▶ [EXERCISE DIRECTIONS]
Emit a verbatim copy of the lines below from the line with "2 2 the navajo" through the line with "Neurospicy Neurodivergent Badge/Pin", excluding pictures and everything outside that range.

▶ [GIVEN DATA]
= Beginning of Section =

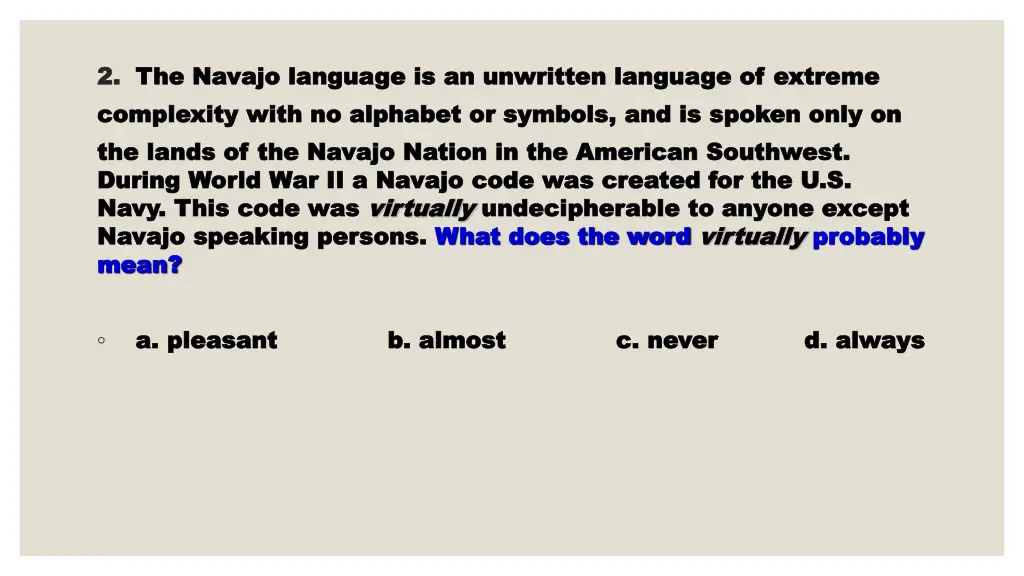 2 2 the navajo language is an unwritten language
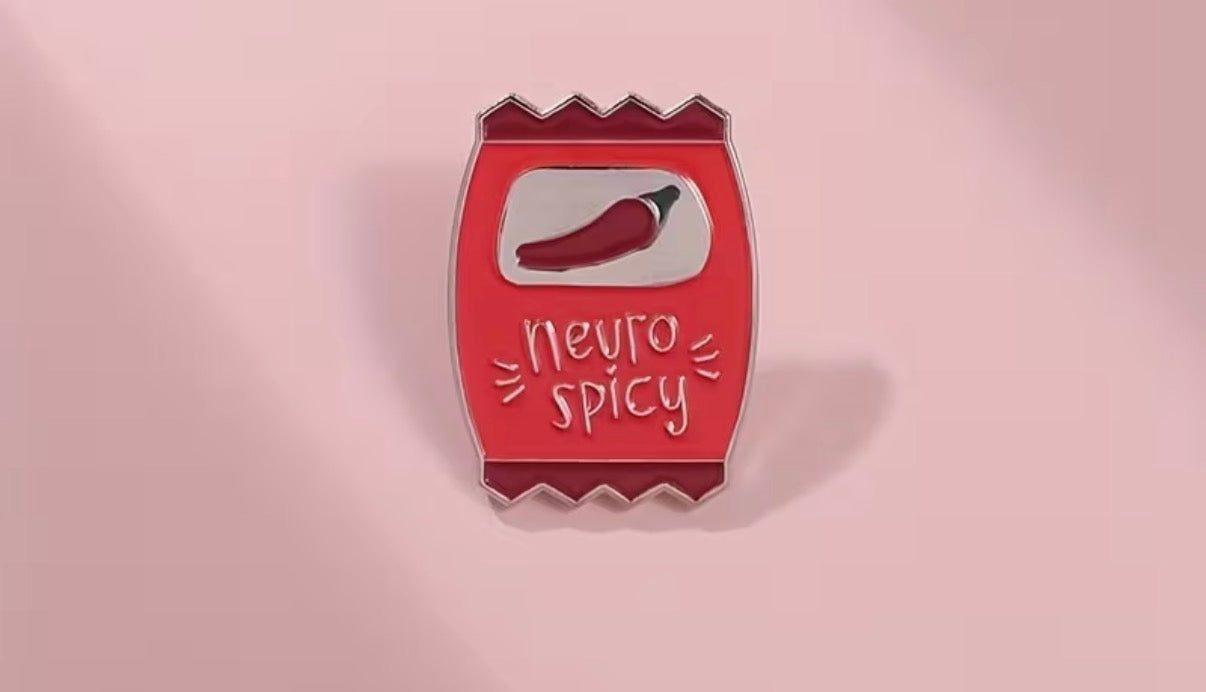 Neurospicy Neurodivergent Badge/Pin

= End of Section =
= Beginning of Section =

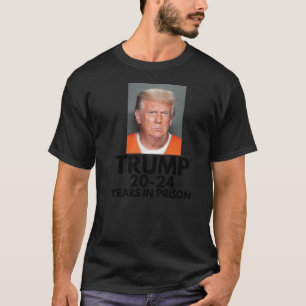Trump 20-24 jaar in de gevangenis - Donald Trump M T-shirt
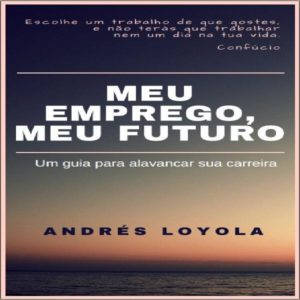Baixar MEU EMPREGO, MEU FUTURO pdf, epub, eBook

= End of Section =

▶ [ANSWER SPACE]
 2 2 the navajo language is an unwritten language
 Neurospicy Neurodivergent Badge/Pin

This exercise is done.